TRY IT.
Repeat the stretch of entries below from the line with "TeesAndTankYou Yee Haw" through the line with "Avid Armor BPA-free". Include both ends and add nothing.

#### TASK DATA

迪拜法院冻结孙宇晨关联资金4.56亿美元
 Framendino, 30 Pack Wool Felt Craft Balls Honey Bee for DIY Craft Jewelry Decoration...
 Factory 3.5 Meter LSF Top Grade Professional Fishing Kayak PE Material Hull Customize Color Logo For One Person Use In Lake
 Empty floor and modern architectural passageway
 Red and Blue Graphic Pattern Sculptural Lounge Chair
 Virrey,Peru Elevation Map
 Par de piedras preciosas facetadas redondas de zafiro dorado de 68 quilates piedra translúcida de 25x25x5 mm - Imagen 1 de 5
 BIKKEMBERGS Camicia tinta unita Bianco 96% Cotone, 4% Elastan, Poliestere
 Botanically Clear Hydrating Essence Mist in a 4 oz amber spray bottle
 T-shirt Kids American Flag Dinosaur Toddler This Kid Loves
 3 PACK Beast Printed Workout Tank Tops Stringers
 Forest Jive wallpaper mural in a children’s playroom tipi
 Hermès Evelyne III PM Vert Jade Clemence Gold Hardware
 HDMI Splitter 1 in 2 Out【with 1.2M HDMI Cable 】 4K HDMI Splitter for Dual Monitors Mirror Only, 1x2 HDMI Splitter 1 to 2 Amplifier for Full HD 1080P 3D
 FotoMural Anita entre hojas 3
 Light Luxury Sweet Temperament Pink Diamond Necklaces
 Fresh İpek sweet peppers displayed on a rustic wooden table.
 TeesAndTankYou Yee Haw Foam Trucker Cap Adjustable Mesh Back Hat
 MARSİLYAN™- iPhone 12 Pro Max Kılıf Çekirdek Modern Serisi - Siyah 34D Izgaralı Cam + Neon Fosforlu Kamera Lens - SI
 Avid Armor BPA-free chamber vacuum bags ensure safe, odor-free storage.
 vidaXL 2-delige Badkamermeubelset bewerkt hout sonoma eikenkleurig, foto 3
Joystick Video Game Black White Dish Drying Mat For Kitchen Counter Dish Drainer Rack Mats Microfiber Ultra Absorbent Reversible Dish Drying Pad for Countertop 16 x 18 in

########

EXPECTED ANSWER.
 TeesAndTankYou Yee Haw Foam Trucker Cap Adjustable Mesh Back Hat
 MARSİLYAN™- iPhone 12 Pro Max Kılıf Çekirdek Modern Serisi - Siyah 34D Izgaralı Cam + Neon Fosforlu Kamera Lens - SI
 Avid Armor BPA-free chamber vacuum bags ensure safe, odor-free storage.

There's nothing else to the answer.